But what has been the impact of such plans on health care quality? In the past, there were widespread concerns, especially on the part of the general public, that cost savings came at the expense of quality of care. In the 1990s, for example, HMOs came in for major criticism for denying medically necessary services to patients, ostensibly in order to control costs. And even today, the assumption that higher cost is synonymous with better quality remains widespread.3
To better understand this issue, The Boston Consulting Group recently analyzed claims data for some 3 million Medicare patients. We found that on three internationally accepted dimensions of health care quality—single-year mortality, recovery from acute episodes of care requiring hospitalization, and the sustainability of health over time—patients enrolled in Medicare Advantage plans had better outcomes than those participating in Medicare on a traditional fee-for-service basis. The Medicare Advantage patients had lower single-year mortality rates, shorter average hospital stays, and fewer readmissions.

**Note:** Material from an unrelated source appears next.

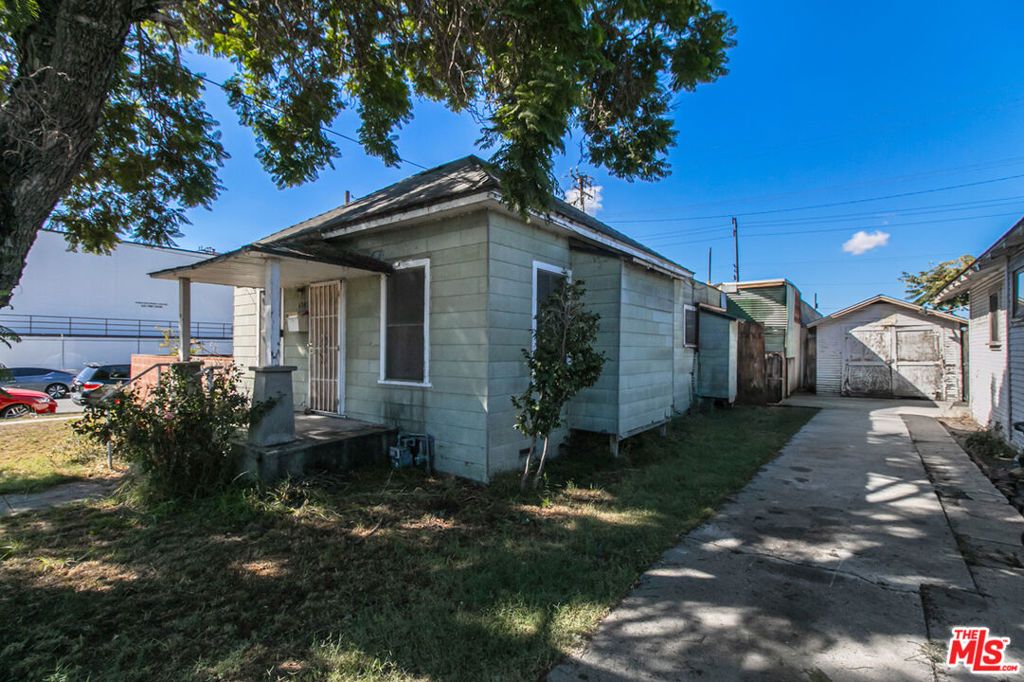 Photo of 6541 Regent Street, Huntington Park, CA 90255 (MLS # 25607869)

They also received higher levels of recommended preventive care and had fewer disease-specific complications.
Our findings demonstrate that the more managed plans do not compromise quality. Just the opposite: they deliver higher-quality care than fee-for-service medicine and thus do a better job of improving health care value. Payers, providers, and policymakers worldwide can learn a lot from the differences between fee-for-service and the alternative care-delivery models used in Medicare Advantage plans.
In recent years, health care professionals and policymakers have come to understand that the relationship between cost and quality is rarely simple or straightforward. Spending more money does not necessarily deliver better care. The U.S. spends about 18 percent of GDP on health care every year (roughly $2.8 trillion), compared with about half that amount in other developed countries. And yet, in nearly every disease group tracked by the 34 countries constituting the Organisation for Economic Co-operation and Development, U.S. health outcomes are below the OECD median.4 What’s more, there is a growing realization that poor health-care quality can itself be hugely expensive. The overuse of medically unnecessary procedures is a large driver of rising health-care costs—responsible for as much as $750 billion per year.5
The Medicare Advantage plans that we studied represent a fundamentally different health-care-delivery model from traditional fee-for-service medicine. To varying degrees, they use three organizational mechanisms in an effort to lower costs while improving outcomes.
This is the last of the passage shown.